Title: Difference in electronic theory of an induction heater element and an antenna?
Post by: Beamin on October 17, 2022, 11:54:29 pm
I have been watching daves debunking wireless energy woo woo and made me realize I dont quite understand how if both an antenna uses AC to radiate EM radiation, but so does an inductive heater. Also how come you dont get bleeding ears from a MRI machine if thats 10k watt FM modulated?

Wasn't teslas wireless energy based on this? And why it wouldnt work now a days because it would totally inyerfere with all RF gadgets.

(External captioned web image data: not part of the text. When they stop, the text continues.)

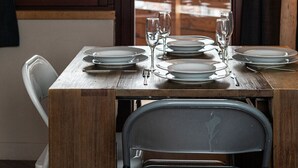 Comedor con una mesa dispuesta para cuatro, vista de un paisaje nevado a través de una ventana y una lámpara a la derecha.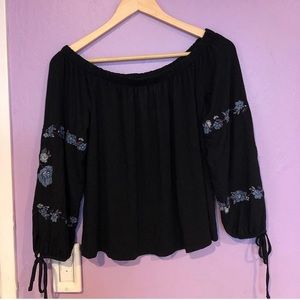 Black top with flower embroidery down the sleeves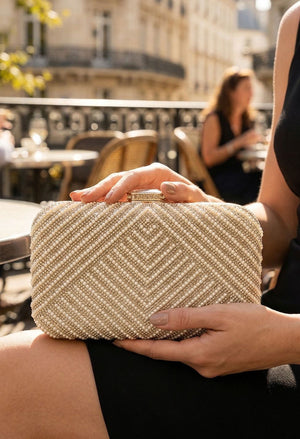Person holding a gold clutch bag outdoors with blurred background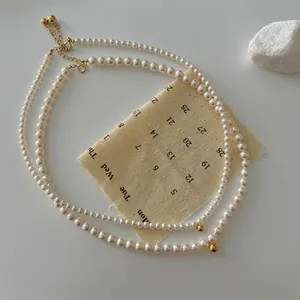 Detail of two-piece white pearl necklace set with gold sphere charm and lobster clasp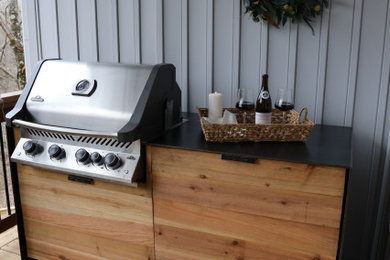 Inspiration for a modern outdoor kitchen deck remodel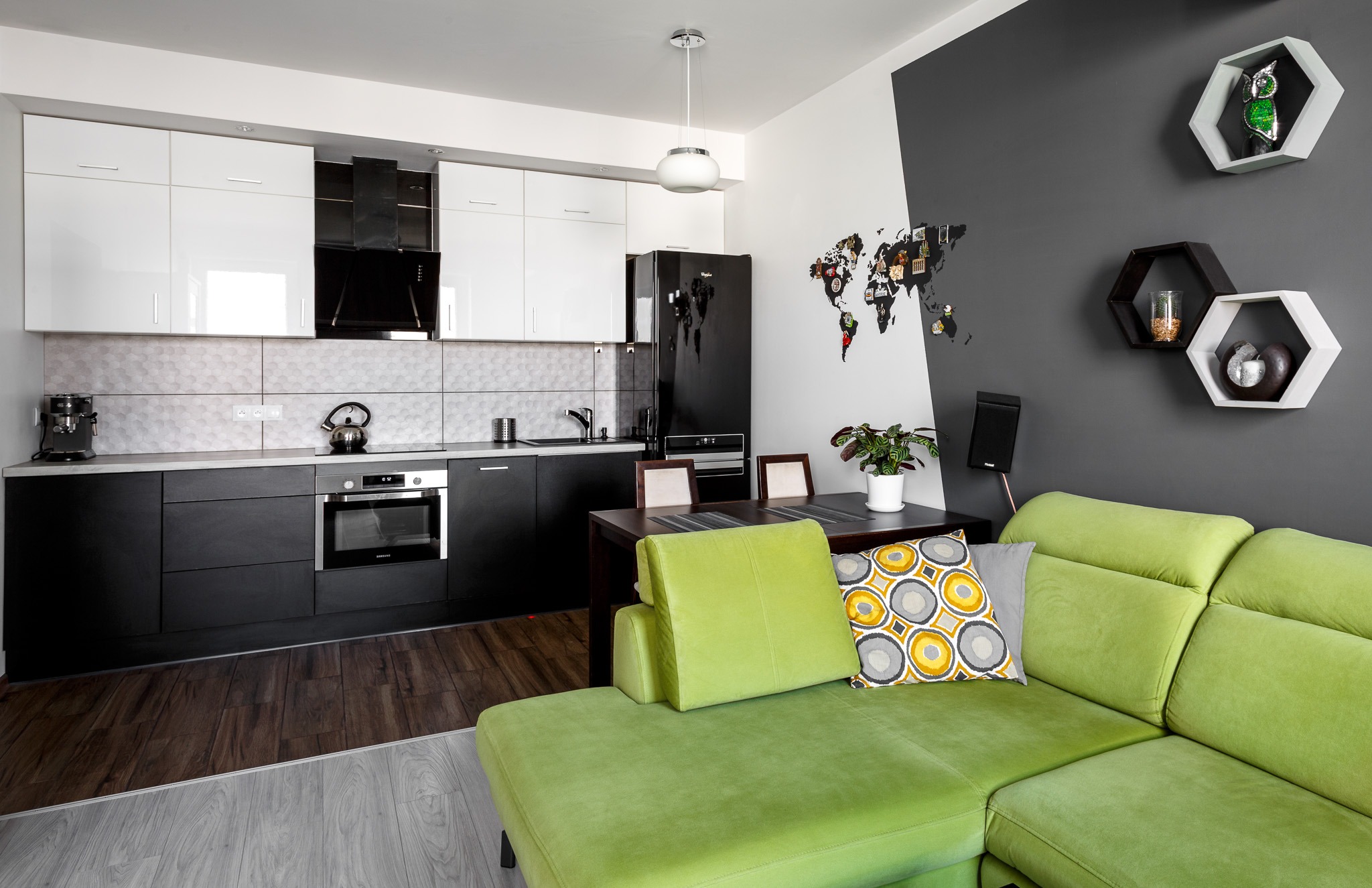Wnętrze nowoczesnej kuchni z salonem, dominują czerń i biel, akcentuje zielona sofa i mapa świata na ścianie.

Radio: coined by its discoverers as "a useless laboratory curiosity"
Title: Re: Difference in electronic theory of an induction heater element and an antenna?
Post by: TheUnnamedNewbie on October 18, 2022, 08:41:48 am
An antenna is designed to create radiation (in other words, far away from the antenna you can still 'see' the impact of the currents flowing in the antenna), but an induction heater is not designed to create radiation, but rather couple energy into another material where eddy currents create the heating1. An inductive heater can be thought of as a transformer, with the secondary winding being a near short, so big currents and thus huge heating.

A transformer is (generally) much smaller than the wavelength of the AC signal, and as a result, in far field, the current cancels itself out and you don't get radiation.

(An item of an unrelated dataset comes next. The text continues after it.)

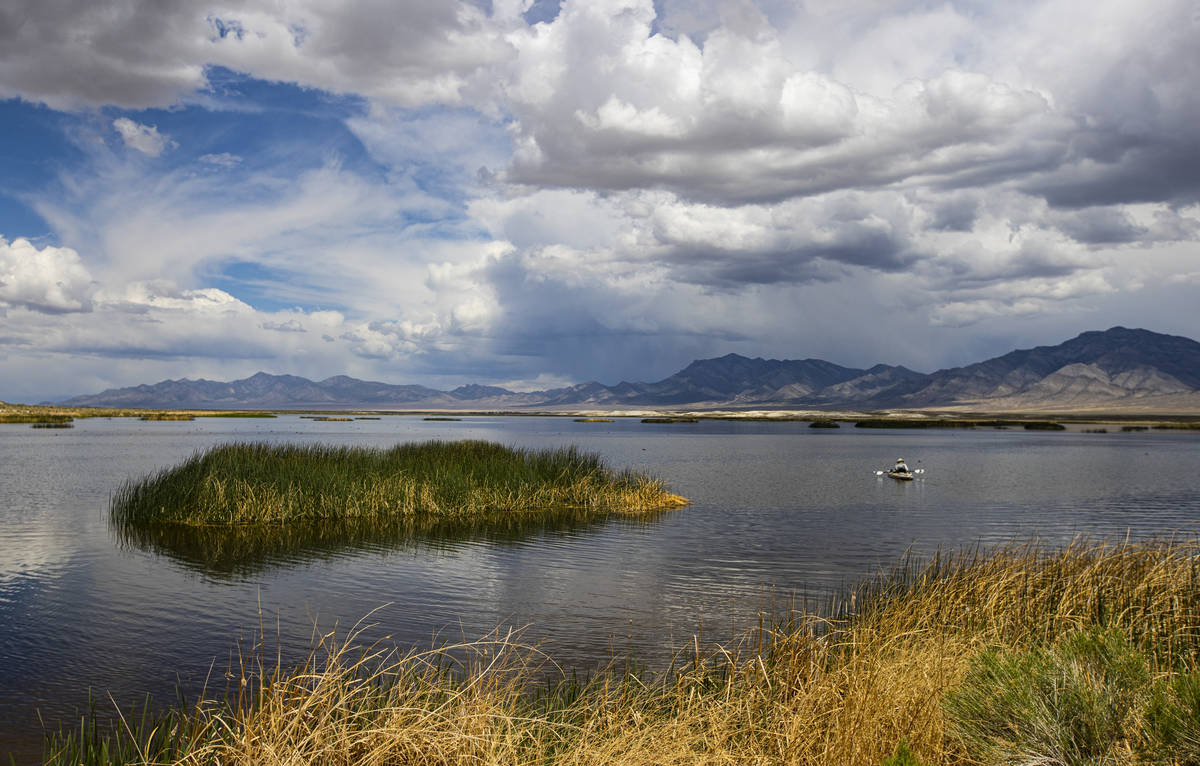 A fisherman uses a kayak in the Adams-McGill reservoir at the Wayne E. Kirch Wildlife Managemen ...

An antenna is (generally) on the scale of the wavelength of the AC signal, and as a result, in far field, the current cannot cancel itself out and you get radiation.

-----------------

1 I guess you could say an antenna generally also aims to couple energy into another element, but the operating principle is still different (far-field vs near-field).

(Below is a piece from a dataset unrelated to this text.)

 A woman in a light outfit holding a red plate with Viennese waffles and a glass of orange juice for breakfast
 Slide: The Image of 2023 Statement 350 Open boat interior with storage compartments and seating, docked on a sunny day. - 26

Title: Re: Difference in electronic theory of an induction heater element and an antenna?
Post by: jonpaul on October 18, 2022, 09:21:46 am
Induction heating

H field near field from work coil, 5 kHz...13.5 MHz eddy current in work heats, eg metals,
E field within capacitive electrodes, dielectric loss in work, eg plywood

See RCA, General Electric old application notes and books

Antenna...Tesla....Colorado Springs 1880s..1900 used 20..50 kHz at megavolt levels, 20..50 kW input to light a few 1/2w lamps nearby.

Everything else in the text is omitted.